You need to have a good heart to heart talk with him about what you expect out of marriage, what does he expect? That you both need to find ways to rekindle the romance. That he HAS to go see a doc about his ED.


----------



## Mysticpizza8! (Dec 20, 2017)

He keeps saying he needs to see do but still hasn't made appt . I have had heart to hearts with him , he says things need to change yet here I am asking for advice to see if this is nirmasl or if I'm being selfish.i told him tonight that I had doc appt and they want to do surgery and that I was very hurt he didn't ask about it at all since my appt a week ago, his reply was he is concerned and he meant to ask.😟 I'm just very aggravated and feel so alone. Not how I imagined my marriage if 20 yes to be.


----------



## CuddleBug (Nov 26, 2012)

Mysticpizza8! said:


> I'm lost and totally alone. Been married 20+ years , hubby has always been less than empathetic or one that dotes not super good with emotions. I thought I had accepted that this was the way he is but the last 2 years have been pretty rotten and he doesnt seem to think anything wrong despite my telling him how I feel. I had doc appt 9 days ago to find out if I m going to need surgery on my hand he still has not asked bout that appt. I'm so hurt that I mean so little to him. 3 weeks ago I made the statement to him tha t we were really bad room mates not spouses, few days later on our anniversary he says I'm the best roommate he s ever had, jk he said afterwards. We have not had sex in almost 2 yrs bc of his inability to get erection, I have asked him to see a doc for last 1.5 yrs, I feel it's me that he s not attracted to but he says no. Hard to feel wanted or attractive to your mate when he cant get erection. Help with some input bc I don't know what to do anymore, tired of feeling lonely.

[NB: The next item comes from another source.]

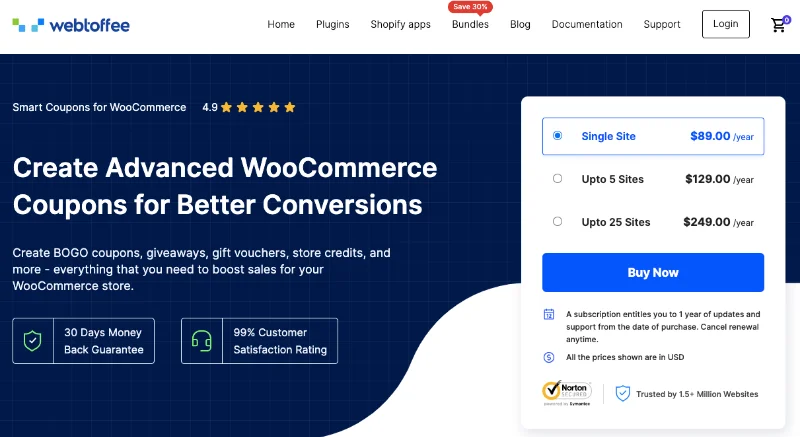 ملحقات قسيمة WooCommerce - تسعير كوبونات WT الذكية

- Your hubby should be going to the gym, training hard, eating healthy, no smoking or alcohol, etc. He wouldn't have Erectile dysfunction.


- 2 years of no sex and he isn't doing anything about it is very cruel and not a loving hubby. I feel for you. That's not cool at all.

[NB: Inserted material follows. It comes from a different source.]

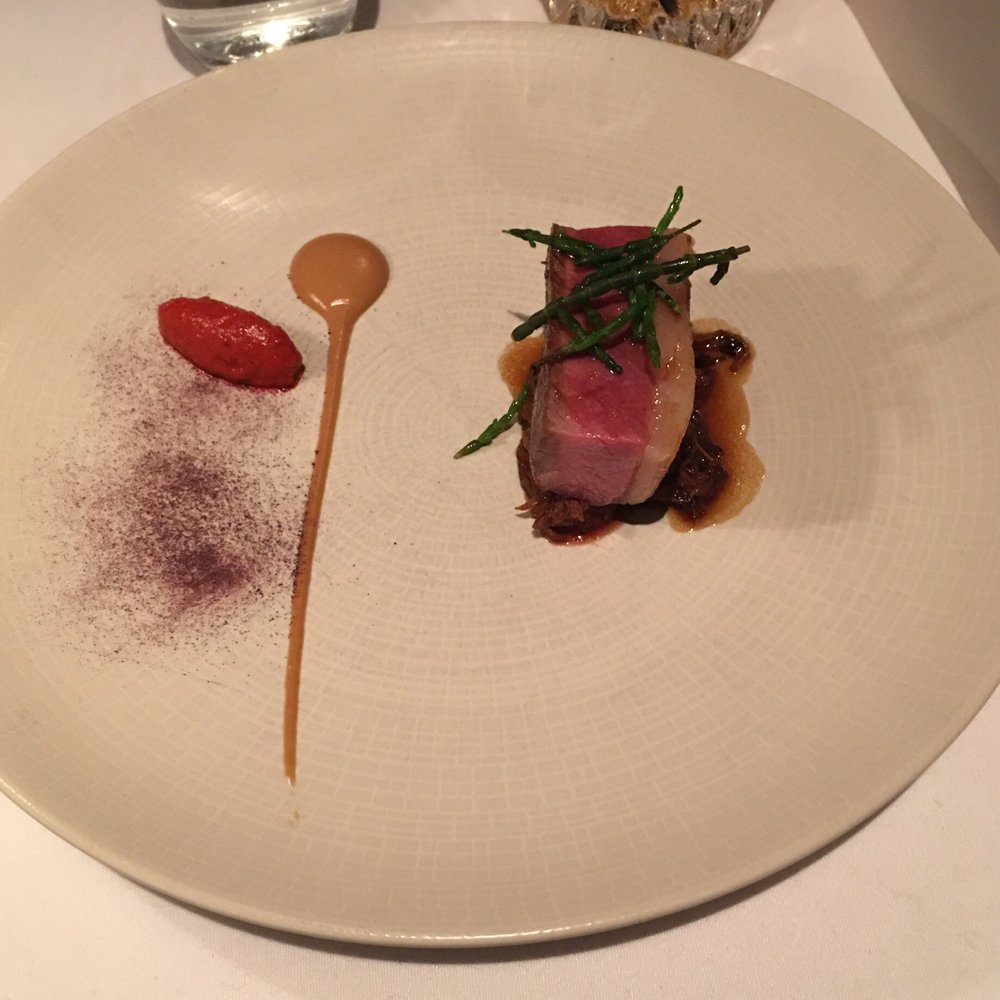 Aria Restaurant Sydney - Lamb well cooked and beautiful sauce on the side - Modern Australian Near Me - Sydney, NSW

- Sounds like you want sex and that close physicality, yes? Your hubby does not?


Different love languages.

Profiles Archive - The 5 Love Languages®

You'll be surprised and maybe it'll help you both?


It could also be sexual mismatch. One spouse has the healthy sex drive and the other spouse coundn't care less short of divorce. HD / LD.

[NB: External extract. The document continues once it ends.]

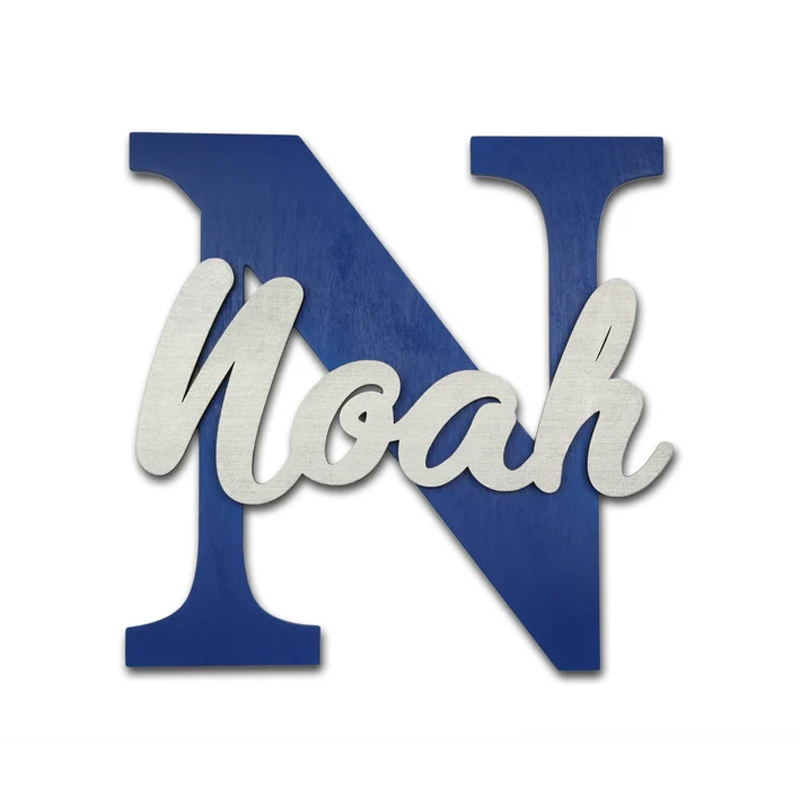 Wooden Letters, Baby Nursery W - Baby Nursery Name Letters 评论和价格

If I were you, I would buy a high end sex toy and use that often to get it out of your system. At least that way, your LD hubby has no sexual power over you and you won;t be sexually starved and miserable.


----------



## cc48kel (Apr 5, 2017)

I'm sorry.. I know exactly how it is feeling alone and lost when married. It's not fun at all. Once I had an MRI done which was very scary to me and all he could say is 'good luck' as I left. Have you tried going out more with friends? Prehaps your home too much meaning he's too comfortable.


----------



## MJJEAN (Jun 26, 2015)

CuddleBug said:


> If I were you, I would buy a high end sex toy and use that often to get it out of your system. At least that way, your LD hubby has no sexual power over you and you won;t be sexually starved and miserable.


No, she'd still be sex starved, she'd just be sex starved with a few self generated orgasms.

No sex in 2 years? No real care and concern? Yeah, no. I'd be out. Just on the no sex alone. You can be platonic friends without being married to each other.


----------



## Bibi1031 (Sep 14, 2015)

It is not too late to find a better partner for your next 20 years! End this relationship and then find your better life partner. You tried and got nothing in return but laziness and procrastination. You want a husband, not a roomate plain and simple.


----------



## sokillme (Jun 10, 2016)

Mysticpizza8! said:


> I'm lost and totally alone. Been married 20+ years , hubby has always been less than empathetic or one that dotes not super good with emotions. I thought I had accepted that this was the way he is but the last 2 years have been pretty rotten and he doesnt seem to think anything wrong despite my telling him how I feel. I had doc appt 9 days ago to find out if I m going to need surgery on my hand he still has not asked bout that appt. I'm so hurt that I mean so little to him. 3 weeks ago I made the statement to him tha t we were really bad room mates not spouses, few days later on our anniversary he says I'm the best roommate he s ever had, jk he said afterwards. We have not had sex in almost 2 yrs bc of his inability to get erection, I have asked him to see a doc for last 1.5 yrs, I feel it's me that he s not attracted to but he says no. Hard to feel wanted or attractive to your mate when he cant get erection. Help with some input bc I don't know what to do anymore, tired of feeling lonely.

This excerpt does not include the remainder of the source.